Il senso della vita, un'associazione di parole a cui dare un senso e che si rincorrono spesso nello scorrere delle pagine: Perché ci si batte? Vale la pena battersi? Qual è la posta in gioco: la libertà o delle pure astrazioni, come ideologie roboanti ma lontane dai bisogni degli uomini? Anche la parola libertà richiede una personale riflessione al fine di restituirle il suo significato vero...

Una lettera

Come già nella lettera di addio di una madre al figlio anche in questa sono i sentimenti che scaldano il cuore ad assurgere al primo piano: è la lettera di una moglie al marito soldato, che, ferito, sembra completamente assente; sono i compagni che la leggono soffermandosi anche sulle immagini riprese dalla donna per cantare la bellezza della natura, i colori delle foglie d'acero: ecco un gesto che brilla di luce propria, che dà un senso alla vita.

Una pioggia di ferro, acciaio, sangue

Assistiamo ad un attacco violento dell'esercito nazista, le bombe cadono dappertutto, due soldati, un vecchio e un giovane, si fanno coraggio trovando riparo in una voragine scavata da una bomba, scoprono di aver vicino un tedesco, ma, in quella bara senza coperchio che è il loro rifugio, quel soldato è un uomo come loro, non un nemico...
Colpiscono queste parole: "Quelli che erano ancora vivi, vivevano" e ancora: "I vivi erano vivi". Parole che sottolineano l'assurdo e, forse, il miracolo di sopravvivere all'assurdo.

Eichmann

Chi era Eichmann? Un modesto agente di una ditta di provincia, prima della guerra. Un uomo senza qualità, convinto di subire discriminazioni, lui biondo dagli occhi chiari, a favore di semplici rifiuti umani... Poi lo troviamo nei ranghi della Gestapo, pronto a far valere tutta la sua autorità.
In visita ad un campo di sterminio, dopo essersi informato del numero degli ebrei da eliminare, lo vediamo che brinda con molta naturalezza prendendo il bicchiere da un tavolo appositamente apparecchiato nel centro della sala degli orrori: la camera a gas...
Cos'è l'antisemitismo, come presentarlo nelle sue molteplici forme, individuali, sociali, statali?
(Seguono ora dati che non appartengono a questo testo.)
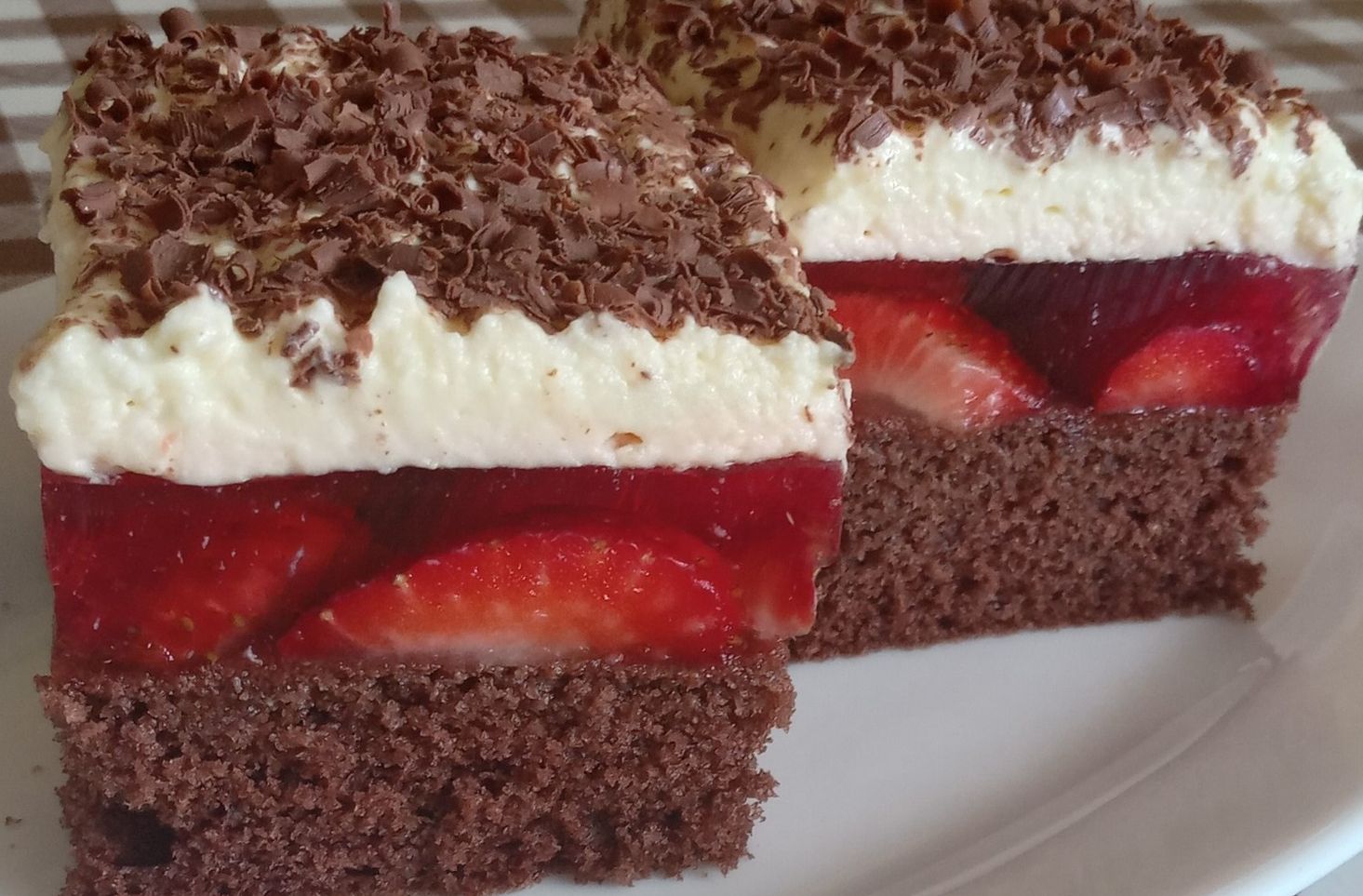 Obrázek k receptu na jahodové kostky s krémem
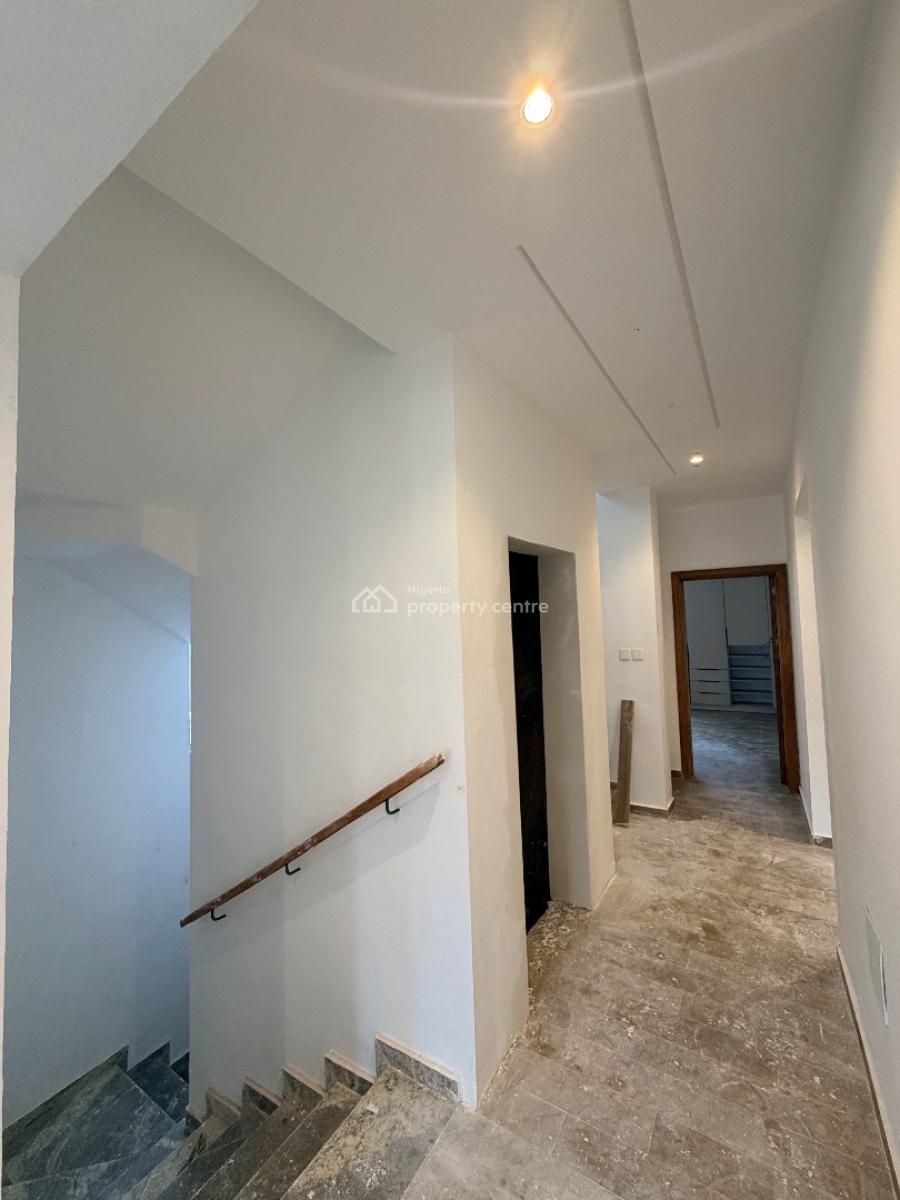 4 Bedroom Penthouse with Bq, Basement and Elevator, Kolapo Ishola Gra, Akobo, Ibadan, Oyo, Detached Duplex for Sale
Leggiamo: "Non è mai uno scopo, è sempre e unicamente un mezzo, un criterio per risolvere contraddizioni che non hanno sbocco". L'antisemitismo copre tutti i limiti, le manchevolezze degli Stati. I loro insuccessi sono ascrivibili agli ebrei, vero capro espiatorio.
Mai l'antisemitismo, mai è stato uno strumento di lotta per la libertà, mai. Esso non è che un modo per coprire da parte di governi reazionari o di singole persone il fallimento della propria vita.

Lo Stato totalitario

Nonostante la guerra, la resistenza da organizzare, il pericolo della sconfitta, i soldati russi avevano in ogni momento paura della potenza illimitata dello Stato, sottoposti sempre ad un controllo capillare che serviva a verificare la loro incondizionata adesione ai principi della rivoluzione, al comunismo. Il loro destino non era solo minacciato dalle bombe ma anche dalla presenza di uno Stato accentratore, minaccioso.
E al fronte venivano inviati dei ragazzi vestiti con abiti troppo grandi adattati da vecchi indumenti dei padri: dei bambini, poco più che dei bambini. La guerra è una triste cosa: dei bambini mandati a morire...Quale il senso della loro vita?
Entriamo ancora in un lager per riprendere la riflessione di un detenuto:
"Capiva confusamente che sotto il nazismo, all'uomo che desideri restare tale, si presenta una scelta più facile che conservare la propria vita: la morte."
Uomini sciatti, paurosi della vita, diventavano strumenti di sterminio. Svolgevano questo loro lavoro come qualsiasi altro lavoro, anzi con particolare solerzia, come nel caso di un certo Kaltlfurt... Costui davanti a un Tribunale celeste, se mai avesse dovuto rispondere, "avrebbe giustificato la sua anima" raccontando in modo veritiero che solo il destino aveva fatto di lui un carnefice. Cosa infatti avrebbe potuto fare di fronte alla volontà di forze potenti, con una guerra mondiale in atto?
Certo il destino guida l'uomo ma, ecco un'altra verità, "l'uomo va perché così vuole, e sarebbe libero di non volere". Senza la volontà l'uomo non c'è più: è un perdente, mai un vincitore. Certo tutto può essere imputato al Destino, ma l'uomo può sempre, in ogni momento chiedersi se questo è un uomo...

Il terribile inganno

La musica accoglieva i convogli al loro arrivo nei campi di sterminio: quale terribile inganno per quel carico di persone!
La vita è più della felicità, essa è anche sofferenza. La libertà non è solo un bene facile da possedere, la libertà è difficile, a volte anche terribile, ma la libertà è la vita. Arrivati nel campo si procedeva, dopo la parentesi musicale, alla separazione e tutti erano costretti all'umiliazione della nudità: la fragilità di ognuno offerta alla violenza di sguardi indifferenti. Perché tutto questo? Perché?
Ognuno era privato della sua unicità, della libertà, perché la libertà consiste nella irripetibilità, nell'unicità dell'anima di ogni singola vita. In quei campi ogni singola vita era cancellata. A ciò si aggiungeva ben presto l'impossibilità di soddisfare i bisogni primordiali: mangiare, bere...

La fame

"La fame curva le gambe rachitiche dei bambini, annacqua il sangue...divora il tessuto nervoso...la fame opprime l'animo, scaccia la felicità, soffoca la forza del pensiero, fa nascere la sottomissione, la bassezza, la ferocia, la disperazione e l'indifferenza".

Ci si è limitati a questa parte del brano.